Assigned task - Look below for the line that has "BESTELLA　ビーステラ". Set down the lines from there through the line that has "Caminos Amores y", exactly as written.

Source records
◆ ◆ ◆ ◆ ◆

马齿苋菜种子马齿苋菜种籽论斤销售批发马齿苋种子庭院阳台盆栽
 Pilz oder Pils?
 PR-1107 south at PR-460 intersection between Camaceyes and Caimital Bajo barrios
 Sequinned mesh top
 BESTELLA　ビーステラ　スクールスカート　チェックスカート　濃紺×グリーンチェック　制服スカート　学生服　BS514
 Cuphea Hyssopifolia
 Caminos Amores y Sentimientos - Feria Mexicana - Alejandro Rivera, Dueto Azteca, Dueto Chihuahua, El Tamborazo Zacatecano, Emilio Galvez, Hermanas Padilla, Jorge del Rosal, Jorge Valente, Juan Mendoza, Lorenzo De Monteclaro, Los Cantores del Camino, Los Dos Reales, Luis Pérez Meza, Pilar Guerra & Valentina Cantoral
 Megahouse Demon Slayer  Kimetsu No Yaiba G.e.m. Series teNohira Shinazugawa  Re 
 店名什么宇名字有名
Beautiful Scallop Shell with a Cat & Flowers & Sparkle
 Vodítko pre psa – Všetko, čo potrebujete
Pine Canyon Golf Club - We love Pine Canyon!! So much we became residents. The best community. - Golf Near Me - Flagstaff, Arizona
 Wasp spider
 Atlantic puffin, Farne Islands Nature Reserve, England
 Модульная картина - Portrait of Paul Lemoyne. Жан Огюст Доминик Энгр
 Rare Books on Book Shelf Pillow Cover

◆ ◆ ◆ ◆ ◆

Output below -
 BESTELLA　ビーステラ　スクールスカート　チェックスカート　濃紺×グリーンチェック　制服スカート　学生服　BS514
 Cuphea Hyssopifolia
 Caminos Amores y Sentimientos - Feria Mexicana - Alejandro Rivera, Dueto Azteca, Dueto Chihuahua, El Tamborazo Zacatecano, Emilio Galvez, Hermanas Padilla, Jorge del Rosal, Jorge Valente, Juan Mendoza, Lorenzo De Monteclaro, Los Cantores del Camino, Los Dos Reales, Luis Pérez Meza, Pilar Guerra & Valentina Cantoral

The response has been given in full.